En cuanto a que me incumba el deber de demostrar que los males del sistema penal “no pueden ser evitados ni contenidos”, es una cuestión que tampoco la veo bien planteada. Ante todo, no es lo mismo evitarlos que “contenerlos”: creo que se los puede reducir, pero no creo que se los pueda evitar porque son estructurales. Debo reconocer que hay autores sumamente sagaces que creen en la posibilidad de evitarlos, pero en una sociedad futura y diferente. Diritto e ragione, de Luigi Ferrajoli, constituye la más acabada versión de esta tendencia, proyectando un poder punitivo reducido y al servicio del débil. Debo insistir en que no soy abolicionista, sinoagnóstico respecto del sistema penal, porque no sé que pasará en un modelo de sociedad diferente y futura que no puedo imaginar. No hay prueba histórica que me permita creer en un sistema penal que no sea selectivo ni violento, pero tampoco puedo negar la posibilidad de la utopía, sólo que se trata de una utopía y, en mi caso, mi interés preferente es mucho más inmediato. La pregunta de Nino no la puedo responder. La posibilidad de que la pena cumpla una función preventiva y de que se puedan eliminar sus “efectos deletéreos” es del campo de la utopía, en una sociedad futura y diferente que no puedo imaginar.

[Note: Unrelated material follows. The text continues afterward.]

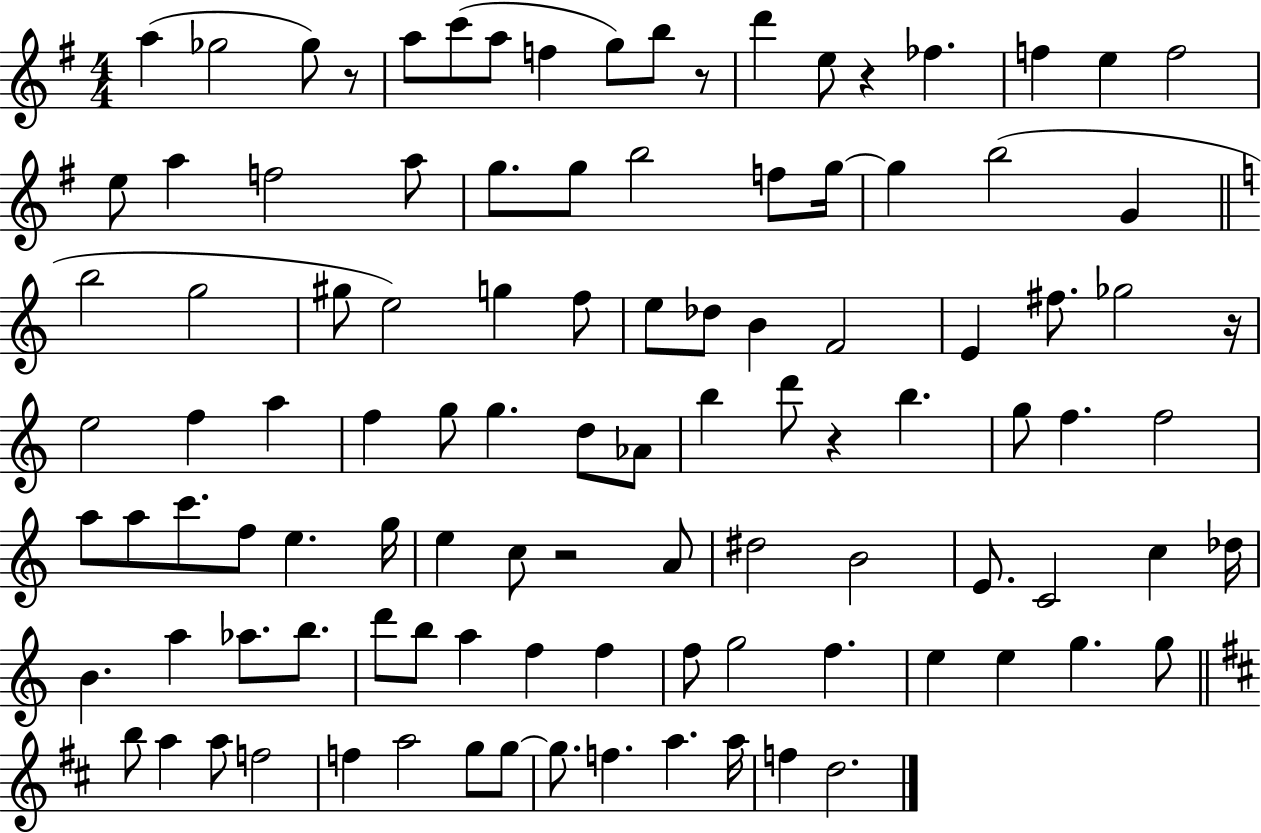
A5/q Gb5/h Gb5/e R/e A5/e C6/e A5/e F5/q G5/e B5/e R/e D6/q E5/e R/q FES5/q. F5/q E5/q F5/h E5/e A5/q F5/h A5/e G5/e. G5/e B5/h F5/e G5/s G5/q B5/h G4/q B5/h G5/h G#5/e E5/h G5/q F5/e E5/e Db5/e B4/q F4/h E4/q F#5/e. Gb5/h R/s E5/h F5/q A5/q F5/q G5/e G5/q. D5/e Ab4/e B5/q D6/e R/q B5/q. G5/e F5/q. F5/h A5/e A5/e C6/e. F5/e E5/q. G5/s E5/q C5/e R/h A4/e D#5/h B4/h E4/e. C4/h C5/q Db5/s B4/q. A5/q Ab5/e. B5/e. D6/e B5/e A5/q F5/q F5/q F5/e G5/h F5/q. E5/q E5/q G5/q. G5/e B5/e A5/q A5/e F5/h F5/q A5/h G5/e G5/e G5/e. F5/q. A5/q. A5/s F5/q D5/h.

Pero Nino vuelve de la utopía y en esta realidad supone que coincidiríamos en la necesidad de algunas penas y ejemplifica con conflictos muy dispares. Es claro que podemos coincidir coyunturalmentey usar ese poder en forma táctica y nadie puede reprochármelo frente al genocidio (cuya impunidad no hace más que confirmar mi tesis de la extremísima selectividad, violencia, corrupción y reproducción), pero en una visión macrosocial esto no es racional (y la planificación de la solución de los conflictos es una cuestión macrosocial): no me parece que se resuelva la tortura condenando a prisión a dos o tres policías de baja graduación y meros autores materiales; no creo que se resuelva la corrupción condenando a algún funcionario que perdió el poder y al que sus competidores —no menos corruptos— denuncian; no se resuelve el problema de la discriminación y el sometimiento de la mujer condenando a un par de violadores psicópatas que por ser tales se dejan sorprender. Por brutal que sea lo que hayan hecho, por justificada que esté nuestra indignación y hasta nuestra venganza, por inevitable que sea que se debe hacer “algo”, lo que no podernos pasar por alto es que la estructura del poder punitivo, en cualquier sistema penal históricamente dado, desde el siglo XII hasta hoy, hace que ineludiblementesus objetos sean siempre los más inhábiles, torpes y hasta tontos. Sin esa torpeza no caerían bajo ese poder, como lo prueban los muchos más que Nino y yo saludamos a diario por las calles. Esto es lo que Nino no parece comprender: los presos no están presos por lo que hicieron —aunque lo hayan hecho—, sino porque lo hicieron con notoria torpeza, sin perjuicio de que lo hayan hecho en unos poquísimos casos (bien explotados publicitariamente, por cierto) sea repugnante.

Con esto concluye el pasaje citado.